Alors les coups de fusil se succédèrent sans régularité, mais toujours envoyés avec la même justesse ; cependant, comme s’ils eussent connu la faiblesse numérique des ennemis, les Rochelois continuaient d’avancer au pas de course.

Sur trois autres coups de fusil, deux hommes tombèrent ; néanmoins la marche de ceux qui restaient debout ne se ralentissait pas.

Arrivés au pied du bastion, les ennemis étaient encore douze ou quinze ; une dernière décharge les accueillit, mais ne les arrêta point ; ils sautèrent dans le fossé et s’apprêtèrent à escalader la brèche.

— Allons, mes amis, dit Athos, finissons-en d’un coup. À la muraille ! à la muraille !

Et les quatre amis, secondés par Grimaud, se mirent à pousser avec le canon de leurs fusils un énorme pan de mur qui s’inclina comme si le vent le poussait, et, se détachant de sa base, tomba avec un bruit horrible dans le fossé ; puis on entendit un grand cri, un nuage de poussière monta vers le ciel, et tout fut dit.

— Les aurions-nous écrasés depuis le premier jusqu’au dernier ? demanda Athos.

— Ma foi, cela m’en a l’air, dit d’Artagnan.

— Non, dit Porthos, en voilà deux ou trois qui se sauvent tout éclopés.

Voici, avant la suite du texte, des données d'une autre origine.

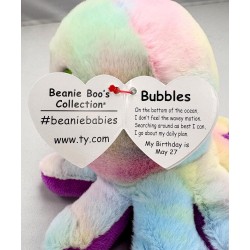TY Beanie Boos - Bubbles il Polipo con Occhi Verdi Grandi e Glitter, il Peluche con gli Occhi Grandi Scintillanti - 15 Cm - T37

En effet, trois ou quatre de ces malheureux, couverts de boue et de sang, fuyaient dans le chemin creux et regagnaient la ville : c’était tout ce qui restait de la petite troupe.

Athos regarda à sa montre.

— Messieurs, dit-il, il y a une heure que nous sommes ici, et maintenant le pari est gagné, mais il faut être beaux joueurs ; d’ailleurs d’Artagnan ne nous avait pas dit son idée.

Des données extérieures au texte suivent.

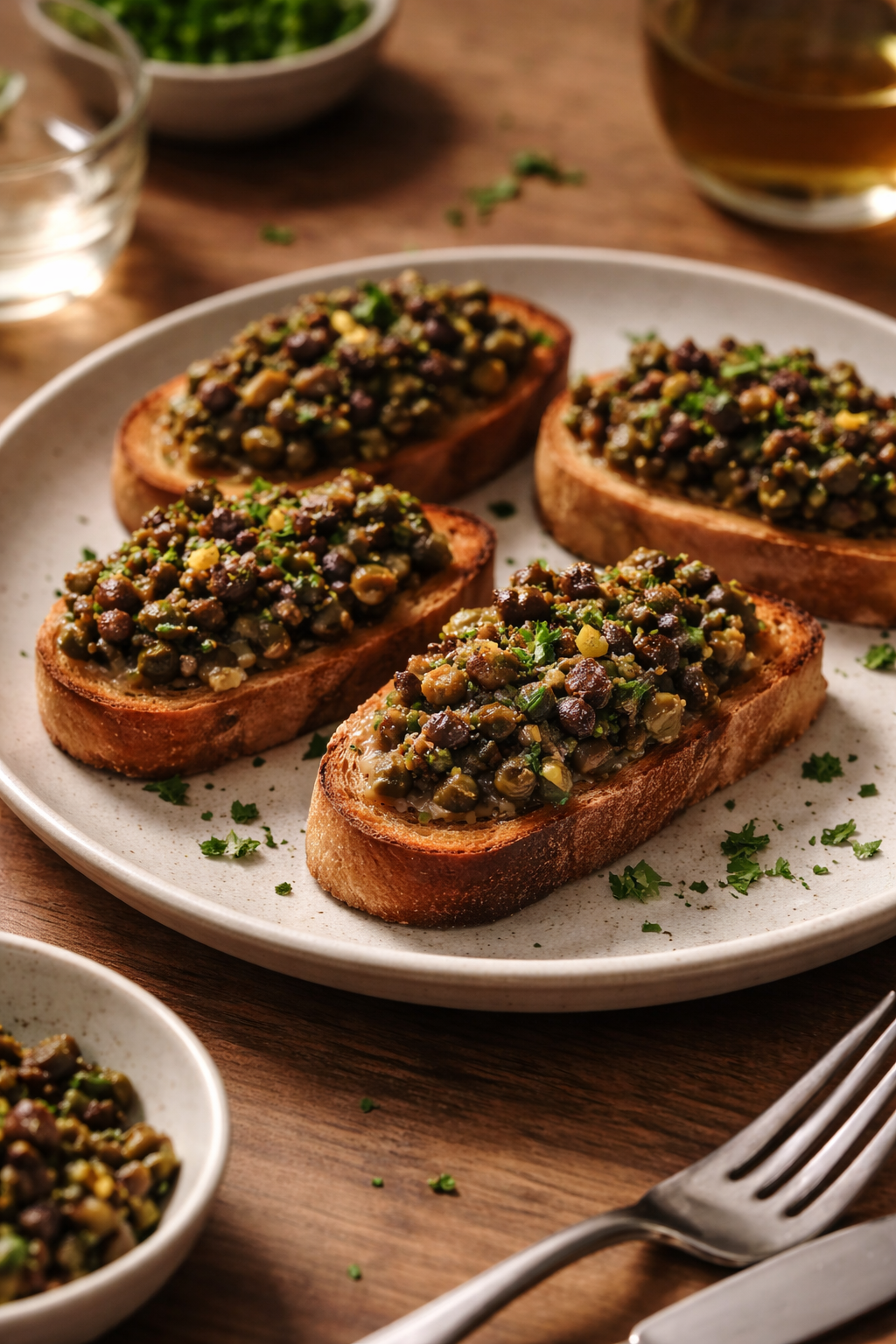 Quick olive tapenade toasts made for a fast savory snack without cooking a full meal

Et le mousquetaire, avec son sang-froid habituel, alla s’asseoir devant les restes du déjeûner.

— Mon idée ? dit d’Artagnan.

— Oui, répliqua Athos, vous disiez que vous aviez une idée.

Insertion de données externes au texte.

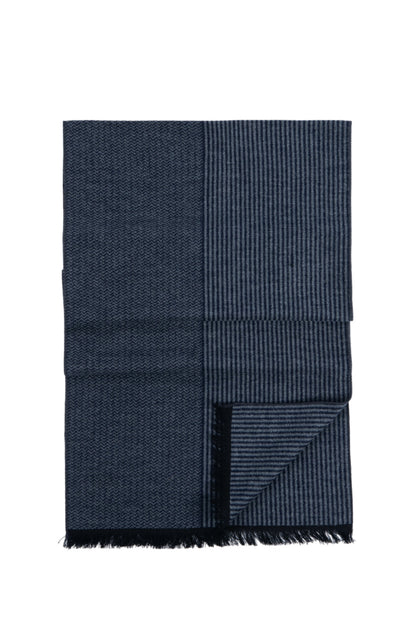 CHEVRON AND STRIPE SCARF | GREY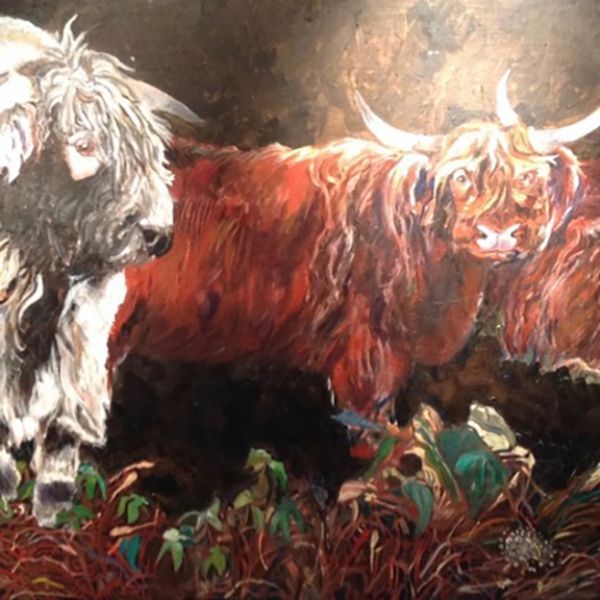 A painting of a herd of cows standing in a field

— Ah ! j’y suis, reprit d’Artagnan : je passe en Angleterre une seconde fois, je vais trouver M. de Buckingham, et je l’avertis du complot tramé contre sa vie.

— Vous ne ferez pas cela, d’Artagnan, dit froidement Athos.

— Et pourquoi cela ? ne l’ai-je pas fait déjà ?

— Oui, mais à cette époque nous n’étions pas en guerre ; à cette époque, M. de Buckingham était un allié et non un ennemi : ce que vous voulez faire serait taxé de trahison.

D’Artagnan comprit la force de ce raisonnement et se tut.